The difficulties of successfully suing police officers for use of excessive force are well known because of the protections they enjoy from “qualified immunity." This is a legal principle that provides police officers and other public officials legal protection from civil lawsuits unless they have clearly violated someone's statutory or constitutional rights.

That same protection applies to medical examiners, and that is precisely what the Maryland Attorney General's office claimed in a motion to dismiss the Black lawsuit against the state, Fowler, the current medical examiner, and the assistant medical examiner who performed the autopsy on Black. (Although the AG's office is defending Fowler and the others from the medical examiner's office, it is offering to coordinate an independent review of the deaths in police custody during Fowler's tenure.)

That motion stated that the AG's office has been unable to locate a single case “where a medical examiner's opinion on the cause or manner of death resulted in an individual's federal constitutional access to court rights being violated."

Are Relationships Between Medical Examiners and Cops Too Close?

So, if medical examiners are protected by immunity, does that mean they are immune from other influences – like, say, those of the police?

Justin Feldman, an assistant professor of epidemiology at New York University School of Medicine, emphatically says no. On the contrary, he argued in a Washington Post op/ed piece that medical examiners and police departments are far too close and that change is needed to separate them.

Feldman mentions a study that he and a group of other epidemiologists conducted matching police killings reported in the media with death certificate summaries. “We found that coroners and medical examiners throughout the United States routinely report findings that minimize the responsibility of the police," he wrote.

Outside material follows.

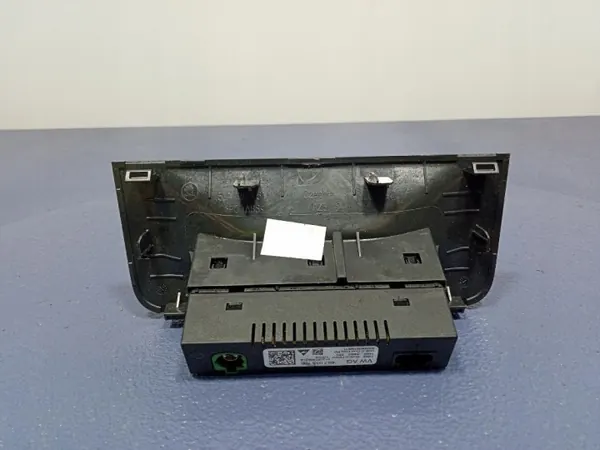 Skoda USB-Ladebuchse OEM 657035700 für Elroq image 3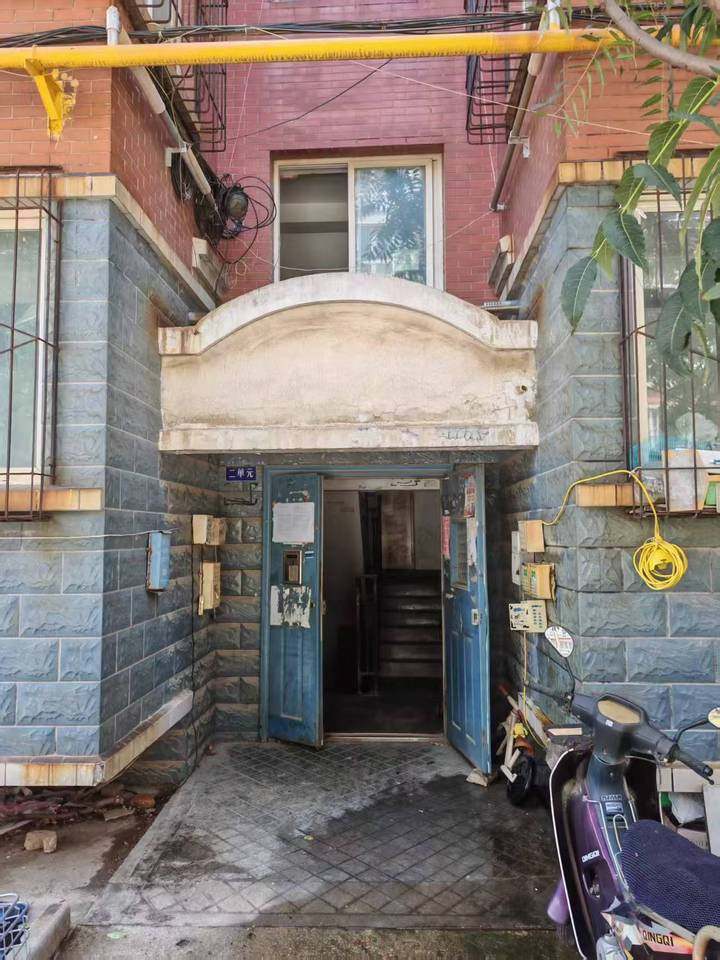 山东省济南市天桥区济齐路14-8号天长嘉园7号楼2-301附带地下室2-112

The study identified 71 people who died in police custody following Taser shocks, chokeholds, being transported in police vehicles, being denied water while in detention, and the like. In 47 of them, the cause of death was attributed to accidental injury, respiratory disease, or mental illness.

There is also evidence that law-enforcement agencies pressure medical examiners to minimize police culpability.

So, Now What?

Is Fowler one of them? Maybe the new investigation in Maryland will shed some light and maybe so too will the Black family's lawsuit.

But as Feldman points out, what we really need is a system where we are better able to take medical examiners at their word.

“Medical examiners and coroners' findings serve as important evidence in legal proceedings against police officers who kill civilians, and their reporting on death certificates can help researchers track patterns of police violence across the United States," he wrote. “If we want the truth about the deaths of Floyd and other people like him, we have to make sure that death investigators are free to seek it out and speak it publicly."